According to his bereaved colleagues, he was a 24-year-old freelance television producer who had been in Iraq for only nine days. Mr. Wilde was the first journalist to be killed in Iraq since major fighting was declared ended in early May, although another was badly wounded last week in an attack on U.S. troops.

The third incident took place Saturday in the northern Iraqi city of Mosul. The United Nations said someone fired a rocket-propelled grenade at the head office of the International Organization for Migration, a non-government organization that works with refugees.

U.N. spokesman Hamid Abdel Jaber said the blast slightly injured one local Iraqi guard and damaged two cars as well as the wall of the compound. "So far we consider it an isolated incident, pending the investigation. A team of security experts has been dispatched to Mosul, and we are waiting for the results of the investigation," he said.

There have been several attacks on U.N. facilities and personnel in the past few months, but Mr. Abdel Jaber said they generally appear to have been motivated by crime.

He said it seems likely that the attack on the IOM office in Mosul had a political motive. It is not clear what that motive might be.

Mosul is in the Kurdish-controlled north of the country, and it seems unlikely that the attack there is related to the ones in central Iraq, near Baghdad.

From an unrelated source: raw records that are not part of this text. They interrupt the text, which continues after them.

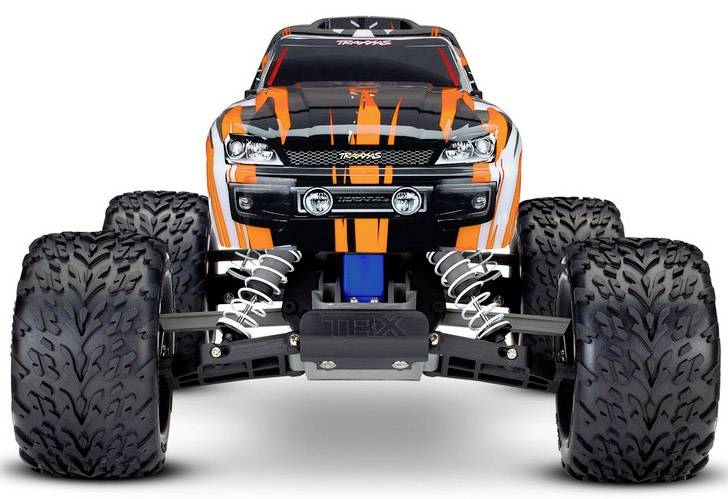 Traxxas Stampede Orange Brushed 1:10 RC Modellauto Elektro Monstertruck Heckantrieb (2WD) RtR 2,4GHz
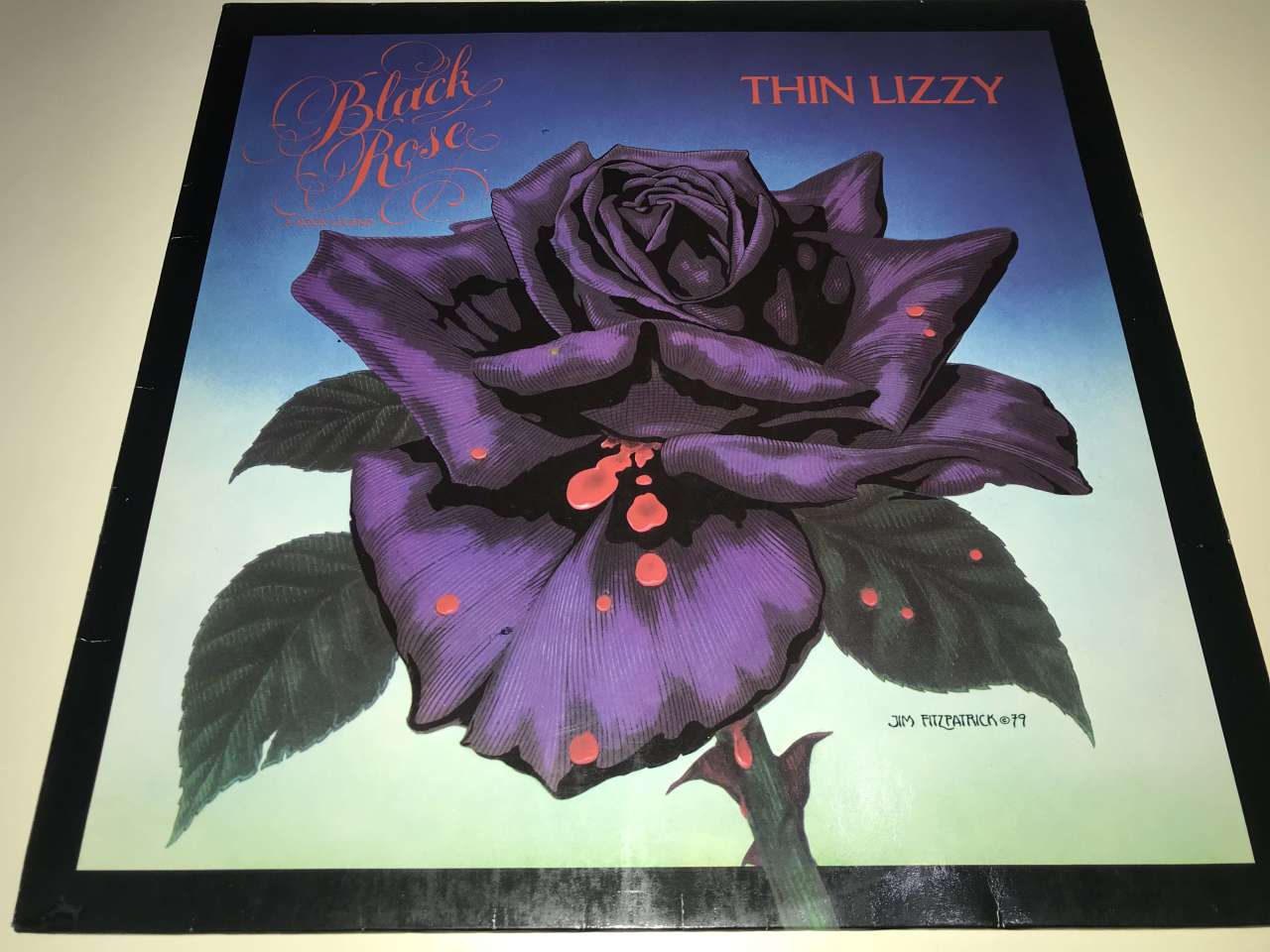 Thin Lizzy ‎– Black Rose (A Rock Legend)
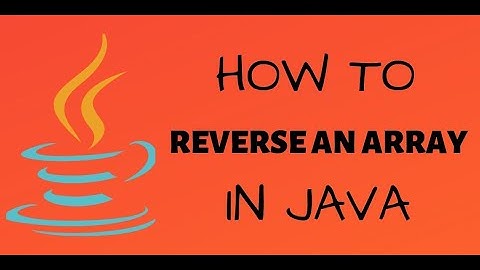 How to Reverse an Array ?(Array DS -Hackerrank Problem Number 1 of Arrays Data Structure ).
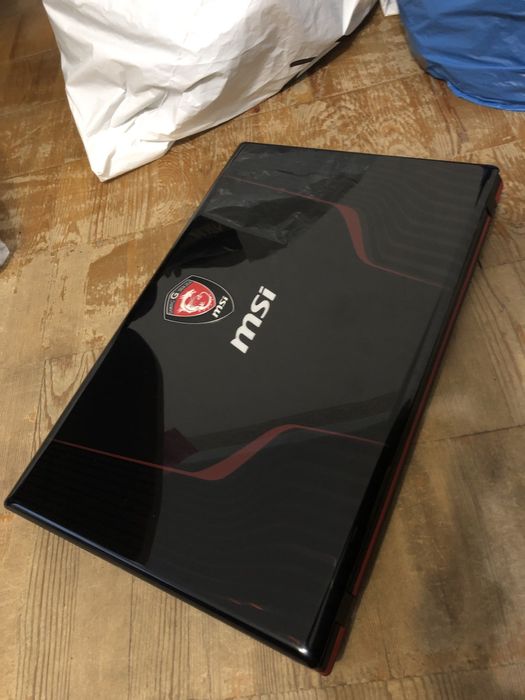 ІГРОВИЙ ТОП Ноутбук MSI / +i7-8 ядр 3.6GHz+Geforcе GTX 4GB+16Gb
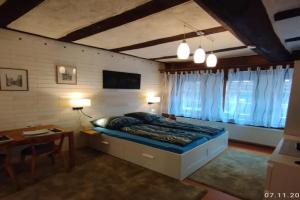 Erdgeschosswohnung im historischen Fachwerkhaus in inklusive PKW-Parkplatz Apartments, Alsfeld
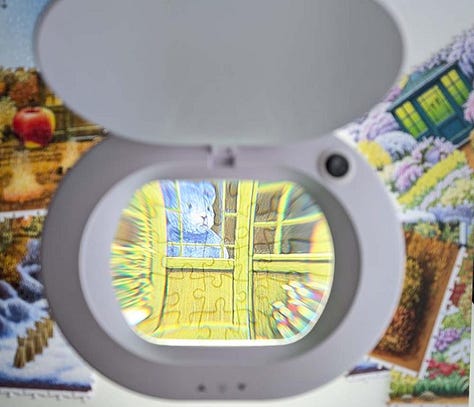 Britech Magnifying Light 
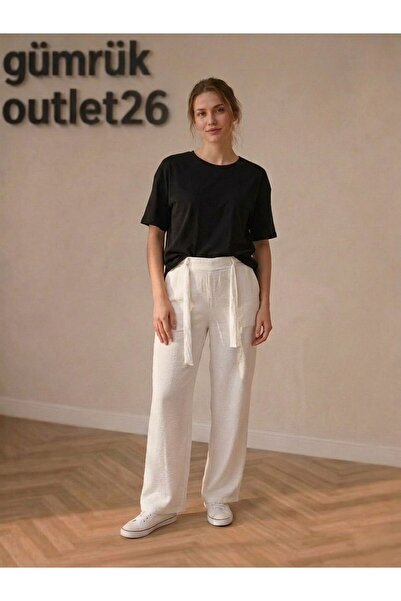 JİMPANT FABRIC PANTS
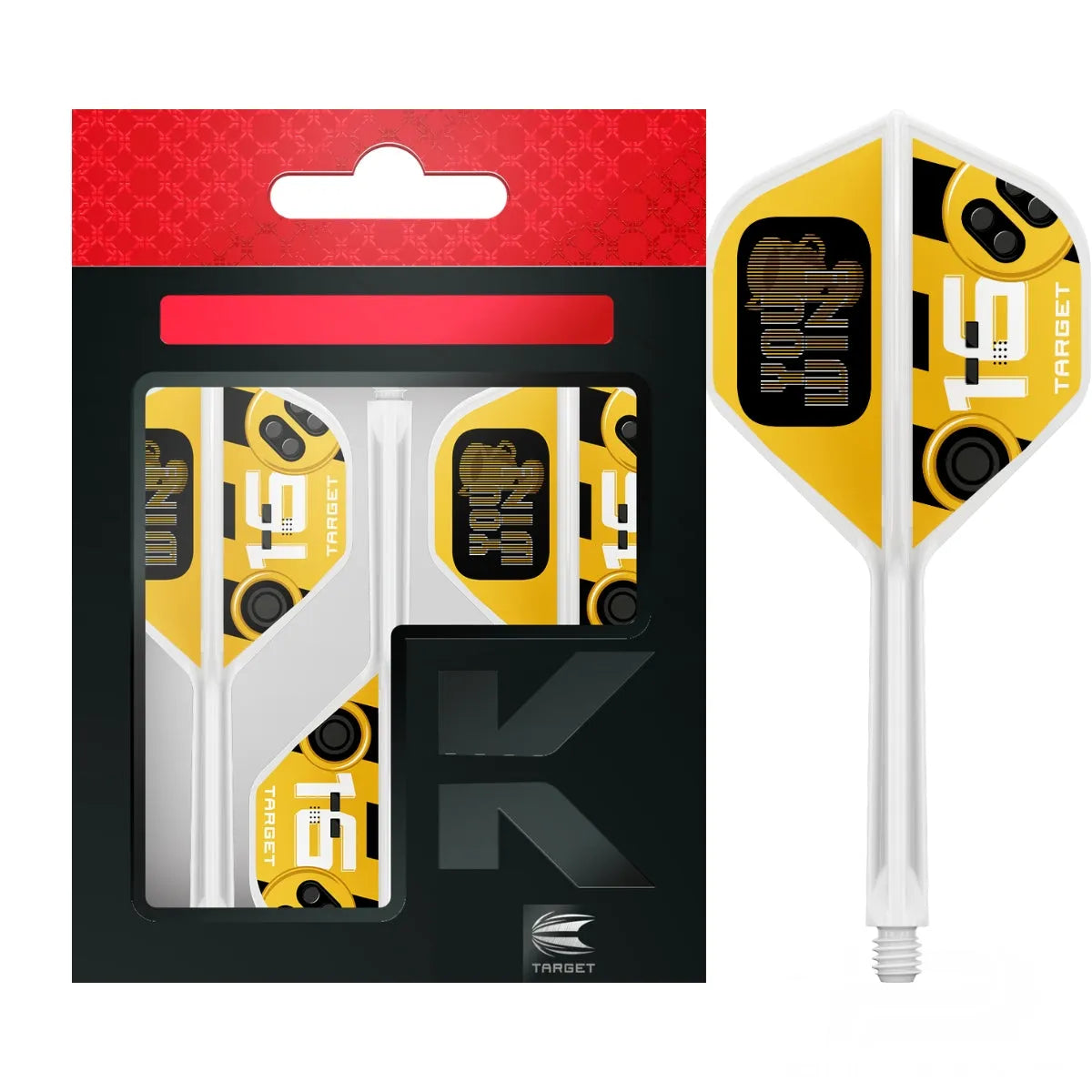 Target Darts You Win K-Flex Flight System No2-1-Short-Premier Darts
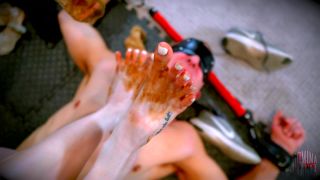 adult xxx clip 28 femdom torture Domina Planet - Dirty Socks With Spit Chaser - FullHD 1080p, fetish on fetish porn-5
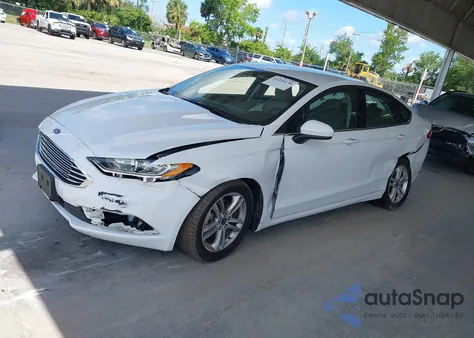 2018 Ford Fusion Se from USA, damaged, VIN 3FA6P0HD1JR241229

But conflict of another sort has been brewing in the north. The attack occurred not long after U.S. troops in another Kurdish-controlled city, Sulimaniyah, arrested 11 Turkish special forces soldiers, reportedly in connection with a plot to attack the Kurdish governor of Kirkuk. Turkey has strongly condemned the arrests, and the incident has strained diplomatic relations between Turkey and the United States.